Directions ▸ Going through the material below, output exactly the lines from the one containing "Vasilias Nikoklis Inn" through the one containing "Offices at 976 Brady Ave NW, Suite 100", and no pictures.

Task input ▸

_ _ _ _ _

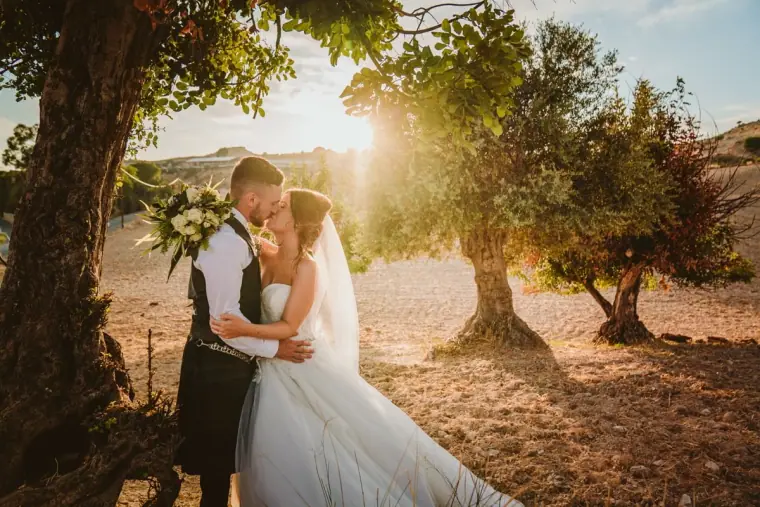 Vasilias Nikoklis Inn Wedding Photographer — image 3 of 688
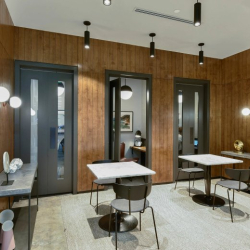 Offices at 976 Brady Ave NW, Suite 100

_ _ _ _ _

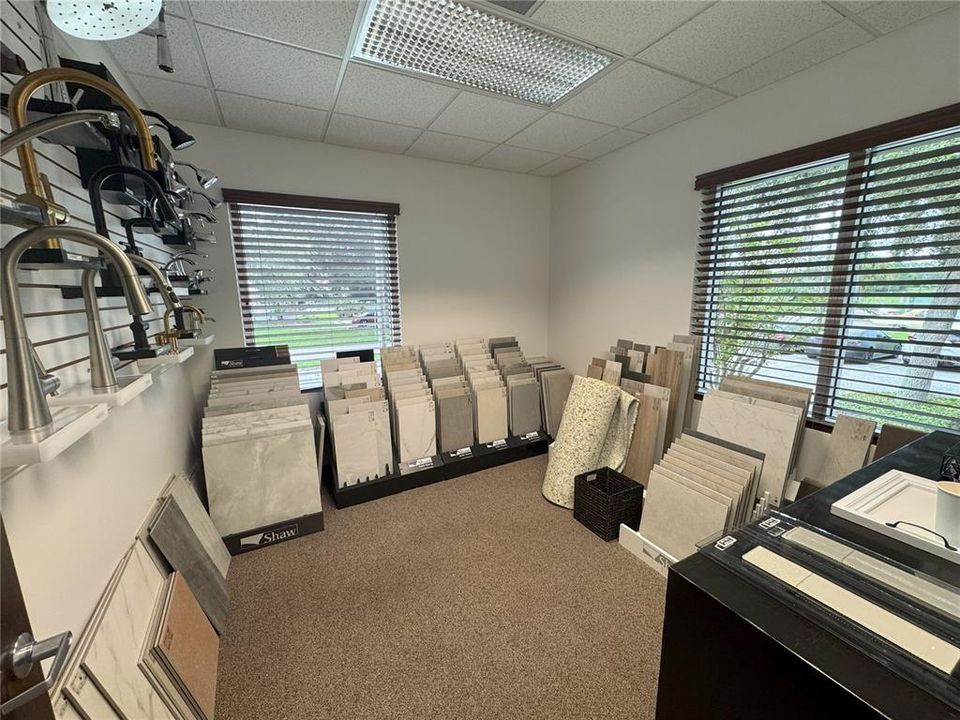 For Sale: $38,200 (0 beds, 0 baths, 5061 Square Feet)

_ _ _ _ _

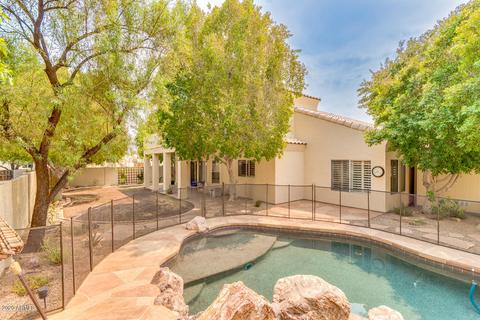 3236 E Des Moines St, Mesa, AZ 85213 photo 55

_ _ _ _ _

Output for this exercise ▸
 Vasilias Nikoklis Inn Wedding Photographer — image 3 of 688
 Offices at 976 Brady Ave NW, Suite 100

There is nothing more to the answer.